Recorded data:
════════════════

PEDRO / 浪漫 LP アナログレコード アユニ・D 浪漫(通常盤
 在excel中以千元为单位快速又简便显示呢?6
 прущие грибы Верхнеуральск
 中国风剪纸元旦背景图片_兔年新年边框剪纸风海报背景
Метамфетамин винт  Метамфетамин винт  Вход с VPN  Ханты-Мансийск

════════════════

Work to complete: Only the lines from the one with "在excel中以千元为单位快速又简便显示呢?6" to the end of the entries above belong in your answer. Retype them exactly.

Result below:
 在excel中以千元为单位快速又简便显示呢?6
 прущие грибы Верхнеуральск
 中国风剪纸元旦背景图片_兔年新年边框剪纸风海报背景
Метамфетамин винт  Метамфетамин винт  Вход с VPN  Ханты-Мансийск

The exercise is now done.